[Provided records]
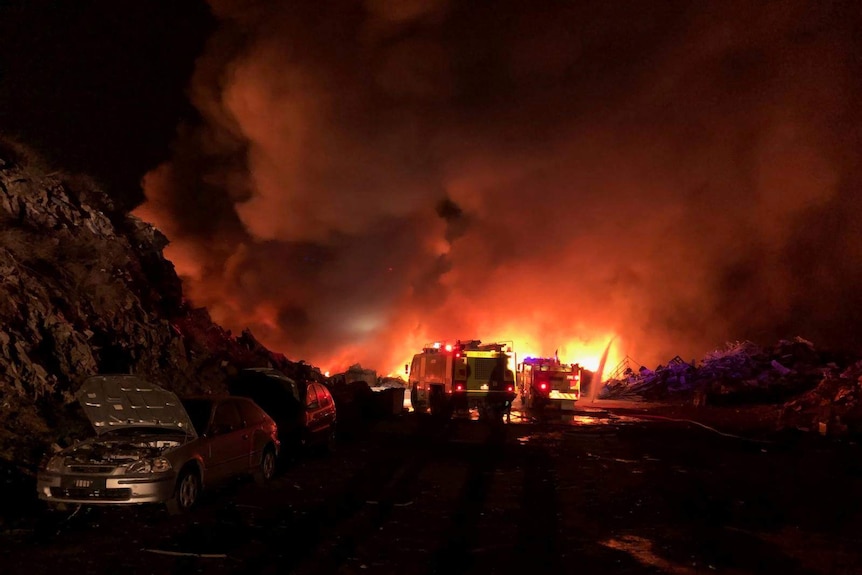 Fire trucks, illuminated by fire, spray water.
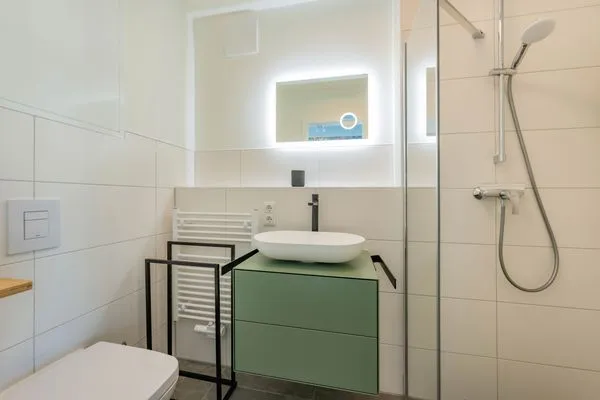 Badezimmer  Ferienwohnung Goldfisch mit Balkon, Wellness- und Kinderspielbereich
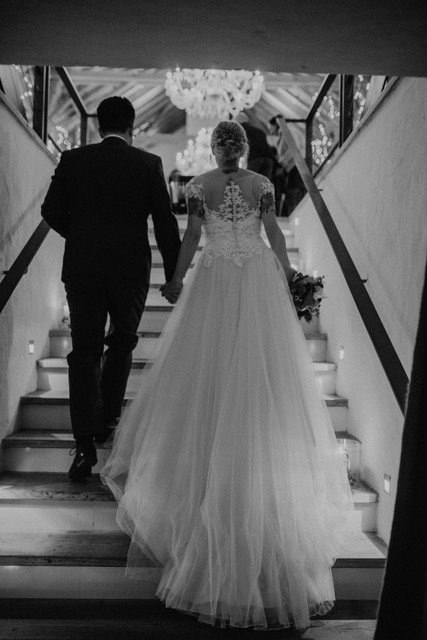 Braut und Bräutigam gehen die Treppe in einem Hochzeitsort hinauf, mit romantischer Beleuchtung und Deckenleuchte im Hintergrund.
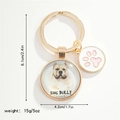 Close-up of golden dog keychain with American Bully image and pink paw charm detail - American Bully (KING BULLY)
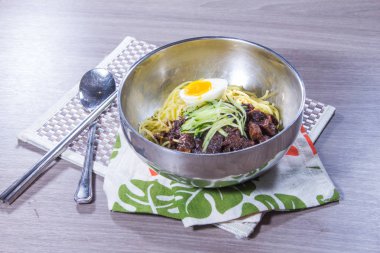  plate of noodles on table, closeup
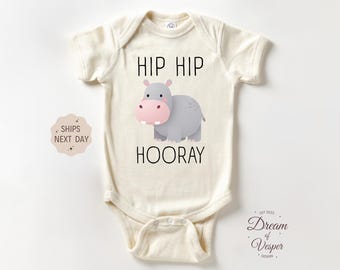 May include: Cream-colored baby bodysuit with the text "HIP HIP HOORAY" and a cartoon hippo illustration. The hippo is gray with a pink snout. The bodysuit has short sleeves and a snap closure.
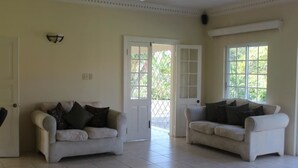 A spacious living room with two white sofas, a ceiling fan, and large windows providing natural light. - Villa Loyola (Ocho Rios)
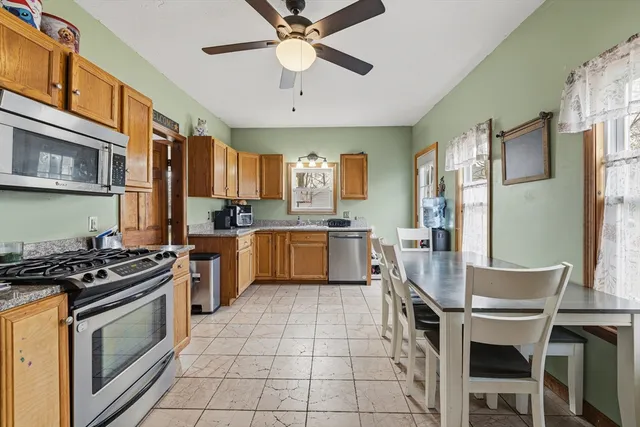 a kitchen with a stove a sink a refrigerator and a dining table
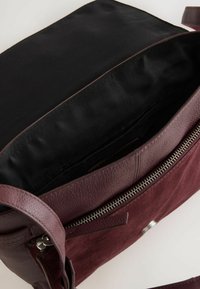 Borsa bordeaux con esterno in pelle liscia, pannello in suede testurizzato, zip in argento e interno foderato in tessuto nero.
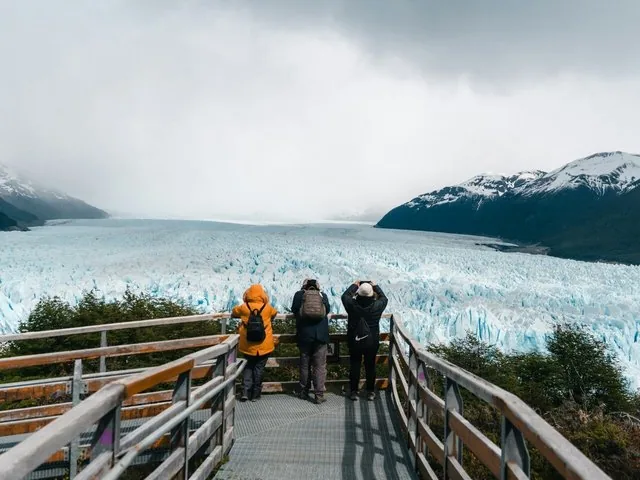 Des touristes contemplent l'immense glacier Spegazzini, d'un bleu glacé, depuis une passerelle en bois.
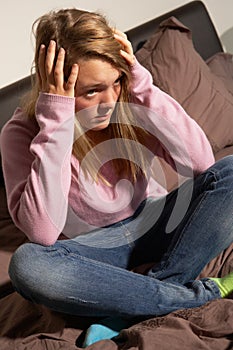 Depressed Teenage Girl Sitting In Bedroom At Home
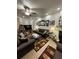 Cozy living room with leather furniture, ceiling fan, decorative mirrors, and a vibrant area rug at 2366 Bigwood Trl, Atlanta, GA 30349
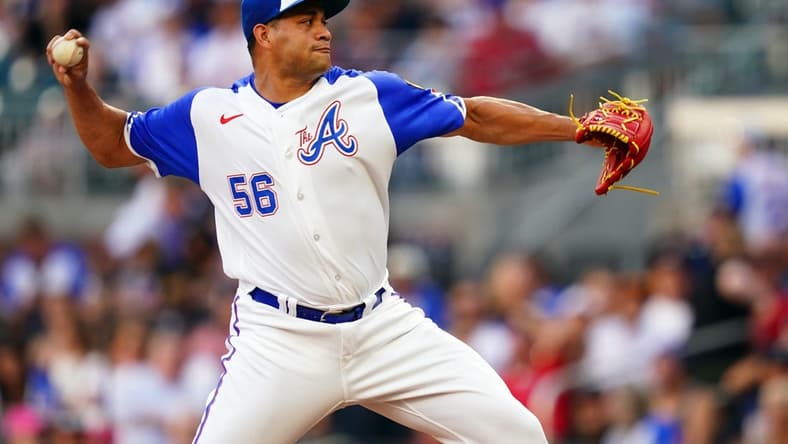 Aug 19, 2023; Cumberland, Georgia, USA; Atlanta Braves relief pitcher Yonny Chirinos (56) cycles through a pitch against the San Francisco Giants during the first inning at Truist Park. Mandatory Credit: John David Mercer-USA TODAY Sports
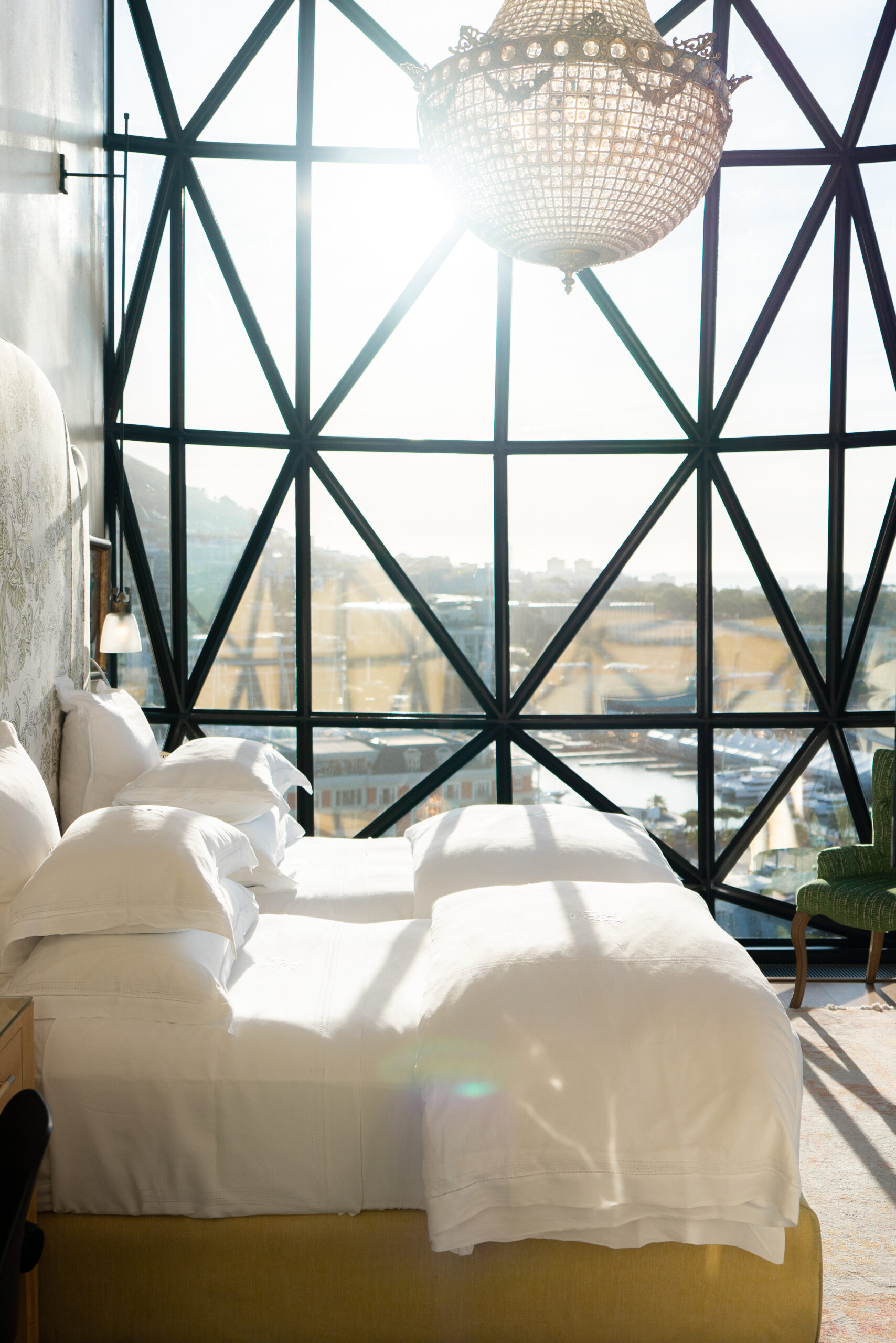 bedroom in the silo hotel with a chandelier in front of the window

[Goal of the exercise] Return the entries verbatim without images.

[Written response]
 Fire trucks, illuminated by fire, spray water.
 Badezimmer  Ferienwohnung Goldfisch mit Balkon, Wellness- und Kinderspielbereich
 Braut und Bräutigam gehen die Treppe in einem Hochzeitsort hinauf, mit romantischer Beleuchtung und Deckenleuchte im Hintergrund.
 Close-up of golden dog keychain with American Bully image and pink paw charm detail - American Bully (KING BULLY)
  plate of noodles on table, closeup
 May include: Cream-colored baby bodysuit with the text "HIP HIP HOORAY" and a cartoon hippo illustration. The hippo is gray with a pink snout. The bodysuit has short sleeves and a snap closure.
 A spacious living room with two white sofas, a ceiling fan, and large windows providing natural light. - Villa Loyola (Ocho Rios)
 a kitchen with a stove a sink a refrigerator and a dining table
 Borsa bordeaux con esterno in pelle liscia, pannello in suede testurizzato, zip in argento e interno foderato in tessuto nero.
 Des touristes contemplent l'immense glacier Spegazzini, d'un bleu glacé, depuis une passerelle en bois.
 Depressed Teenage Girl Sitting In Bedroom At Home
 Cozy living room with leather furniture, ceiling fan, decorative mirrors, and a vibrant area rug at 2366 Bigwood Trl, Atlanta, GA 30349
 Aug 19, 2023; Cumberland, Georgia, USA; Atlanta Braves relief pitcher Yonny Chirinos (56) cycles through a pitch against the San Francisco Giants during the first inning at Truist Park. Mandatory Credit: John David Mercer-USA TODAY Sports
 bedroom in the silo hotel with a chandelier in front of the window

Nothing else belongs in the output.